If you can't explain it simply, don't invest in it.

More on This

Complexity is a warning sign, not a feature. Wall Street designs complicated products not to help you - but to hide fees and risks. Credit default swaps, collateralized debt obligations, yield farming protocols - the complexity exists so you can't ask the right questions. Simple investments have survived centuries: owning businesses, owning real estate, lending money for interest.

Deep Dive

Every investment should pass the 'one sentence test.' Stocks: 'I own part of a company that earns profits.' Bonds: 'I lend money and receive interest.' Real estate: 'I own property that generates rent or appreciates.' Index funds: 'I own tiny pieces of many companies.' If you can't write this sentence for an investment, you don't understand it. If you don't understand it, you'll panic during volatility. You'll sell at the worst time. You'll blame the market, but the fault was buying something you didn't understand. Crypto, NFTs, SPACs, meme stocks - ask yourself: What is the underlying source of value? How does this generate returns? Why will someone pay more for it tomorrow? If the answer is 'because others will pay more,' that's speculation, not investing.

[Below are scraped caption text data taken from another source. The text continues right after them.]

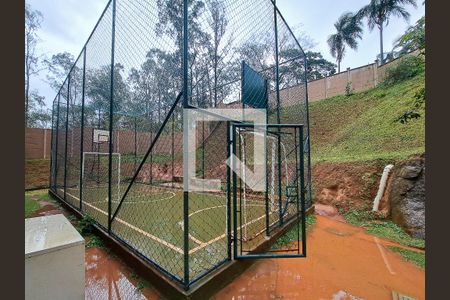 Apartamento à venda com 41m², 2 quartos e sem vagaQuadra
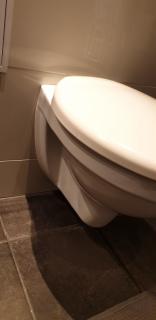 Image from job nr 3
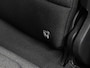 Citroën C5 Aircross 1.6 Plug-in Hybrid 225PK Max | 1ste eigenaar | AppleCarPlay/AndroidAuto | Cruise Control | Camera | Keyless | Navigatie | FULL LED | DAB Radio | Isofix | Privacy Glass | Parkeersensoren |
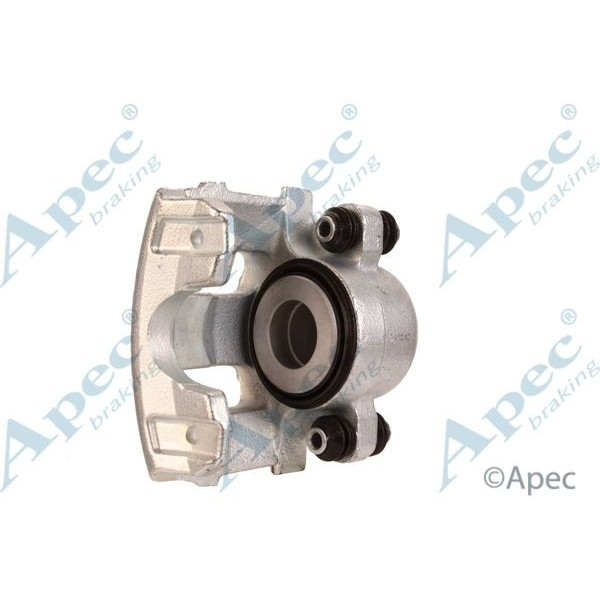 Apec Brake Caliper image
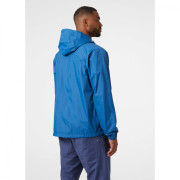 Helly Hansen Loke Jacket férfi dzseki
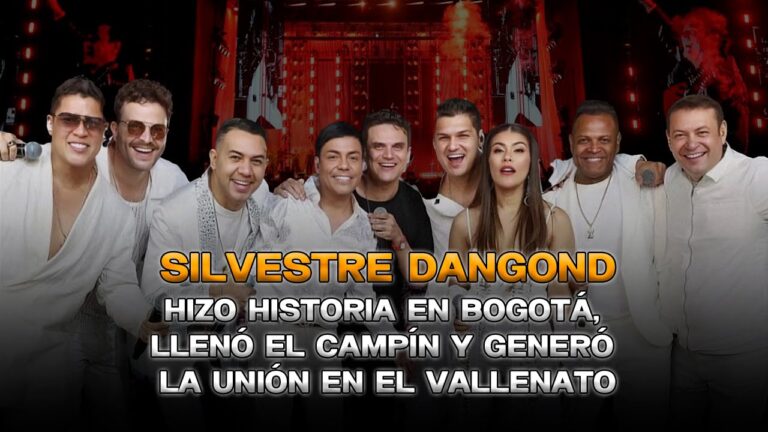 La magia de la uni&oacute;n entre amigos en un festival de camping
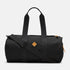 Unisex Timberpack Duffel Bag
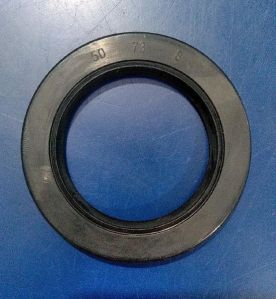 OIL SEAL 50-73-08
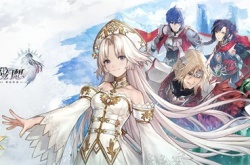 风色幻想命运传说游戏怎么玩？风色幻想命运传说攻略大全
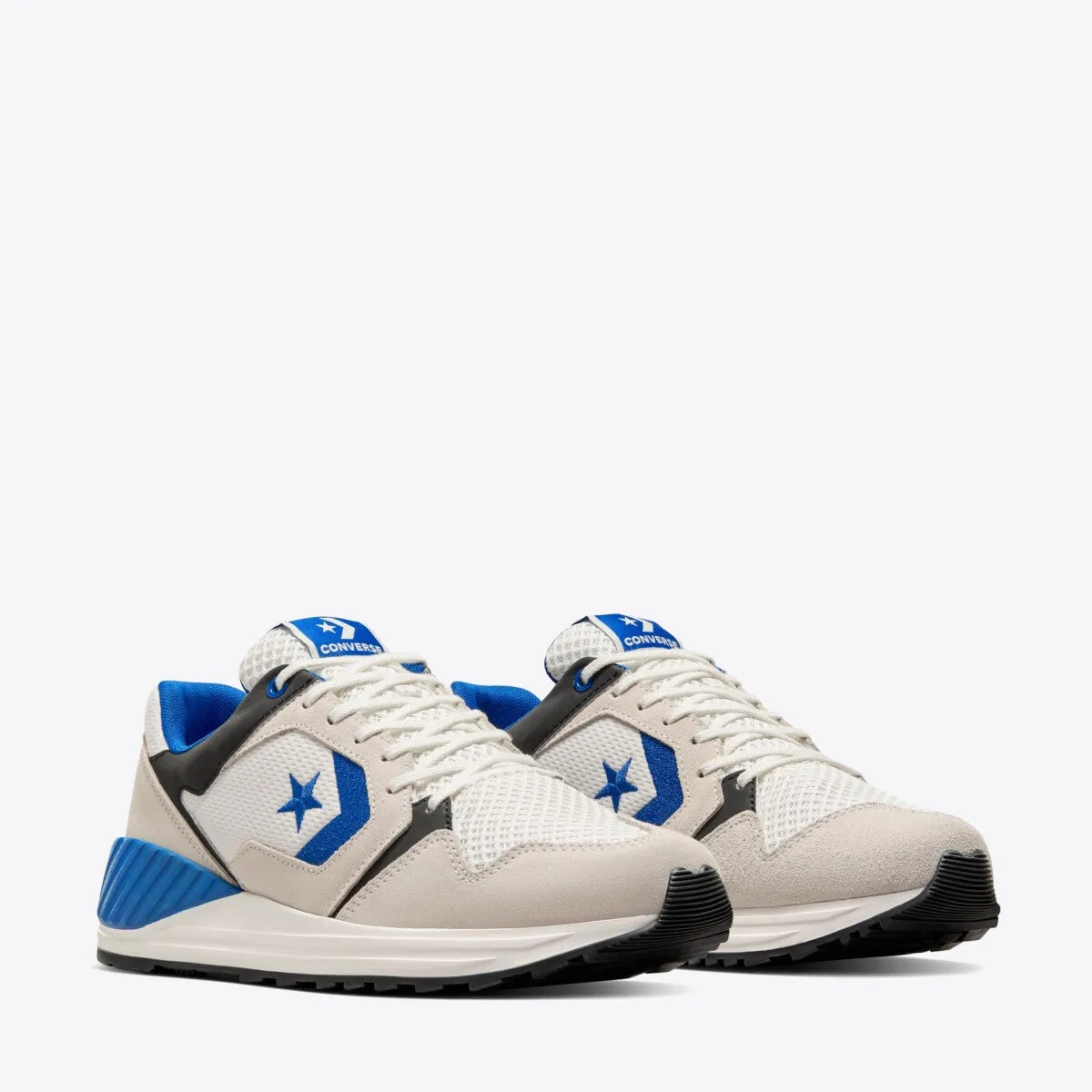 Wave Trainer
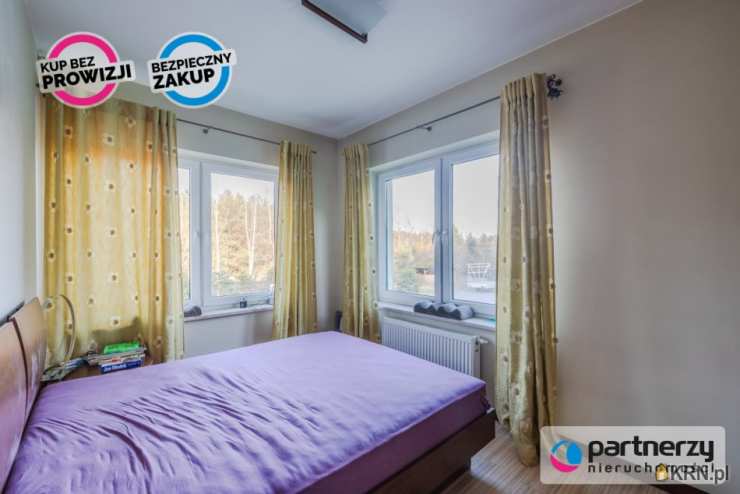 Lokal użytkowy  na sprzedaż, , Kamień, ul. Jastrzębia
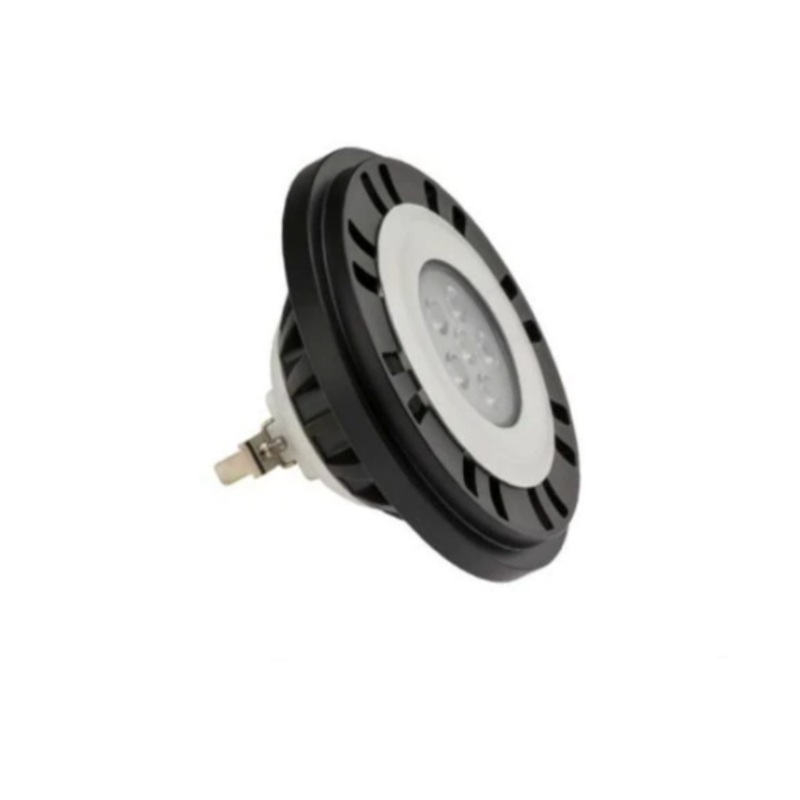 FX – PAR36ECO50SFL – FX Lamp PAR36 10W LED 850 Lumens 35 Degree
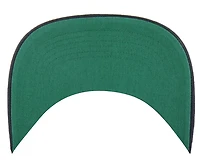 NFL Hat '47 Palermo Hitch RF Cowboys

Games of greater fools end badly for most players.

Do This Today

Write down every investment you currently own. Next to each, write ONE sentence explaining how it makes money. If you can't, consider selling and moving to something simple.

Avoid This

Investing based on tips from friends, TikTok, or 'experts' on TV. They have different goals, different risk tolerances, and often face no consequences for being wrong.

"Risk comes from not knowing what you're doing."

Warren Buffett

Remember

  • The Rule: If you can't explain it simply, don't invest in it.
  • The Action: Write down every investment you currently own. Next to each, write ONE sentence explaining how it makes money. If you can't, consider selling and moving to something simple.